What you are asked to do:
Starting from the line in which "Samanta Lissa C0232" appears, set down each line exactly through the end of the listing, and nothing else. Leave out pictures.

Provided information:
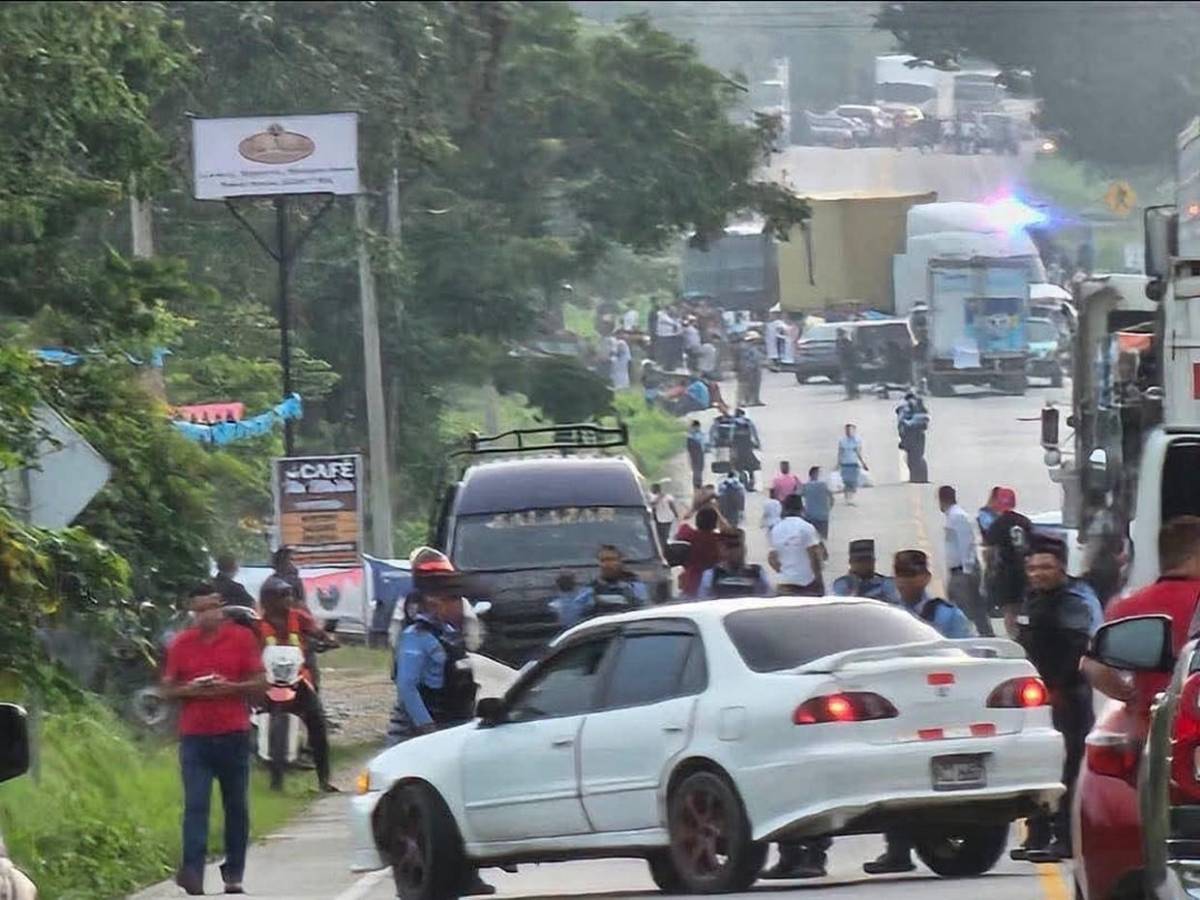 Lunes de protesta: sin paso la carretera del litoral atlántico CA-13 y la CA-5 en varios tramos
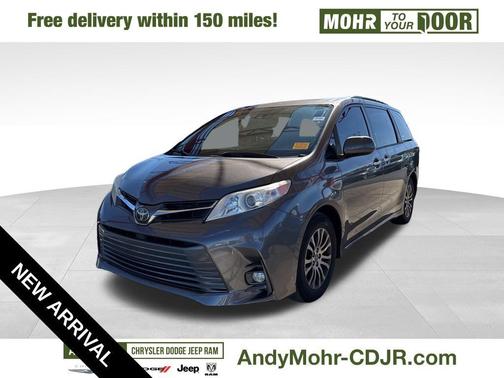 2018 Toyota Sienna XLE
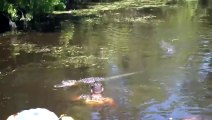 Un guide nourrit un alligator à la bouche. Dingue...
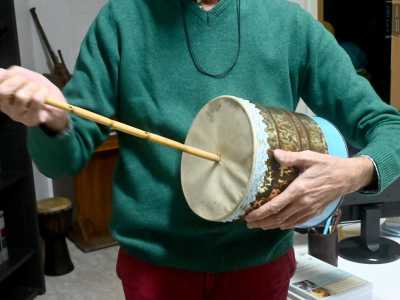 Uno strumento costruito dallo stesso presidente che, una volta inumidite le sue dita, lo suona per noi, facendoci viaggiare nell�antica musica popolare pugliese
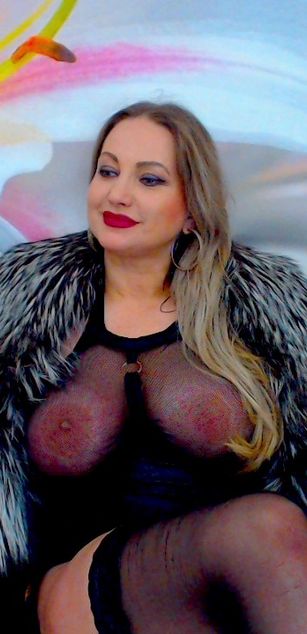 Model - LillyDiaz deepthroat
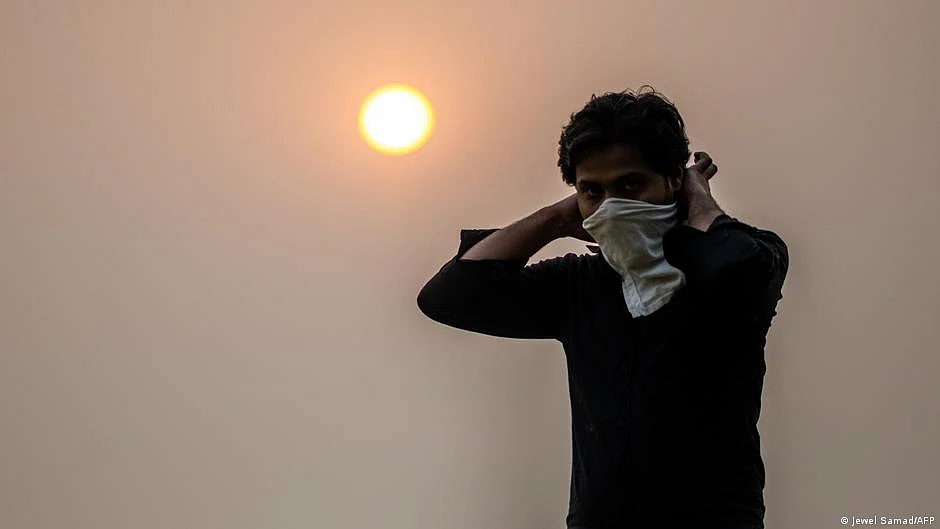 People in the Indian capital of New Delhi regularly suffer from weeks of poisonous smog. (photo: DW)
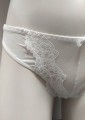 Samanta Lissa C0232 stringi z koronką eleganckie białe zbliżenie.jpg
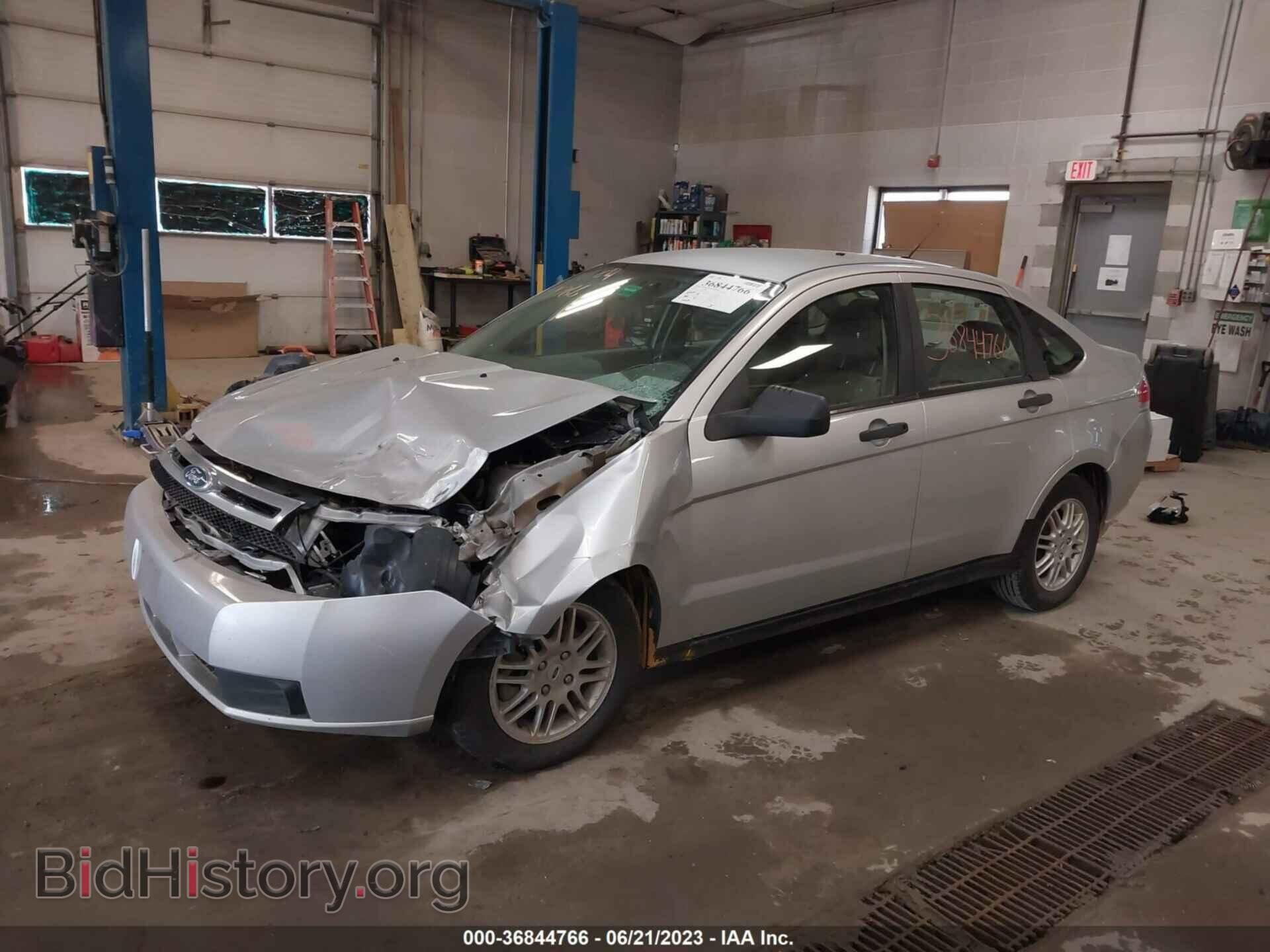 2011 FORD FOCUS - VIN: 1FAHP3FN2BW172457 - Фото 2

Worked solution:
 Samanta Lissa C0232 stringi z koronką eleganckie białe zbliżenie.jpg
 2011 FORD FOCUS - VIN: 1FAHP3FN2BW172457 - Фото 2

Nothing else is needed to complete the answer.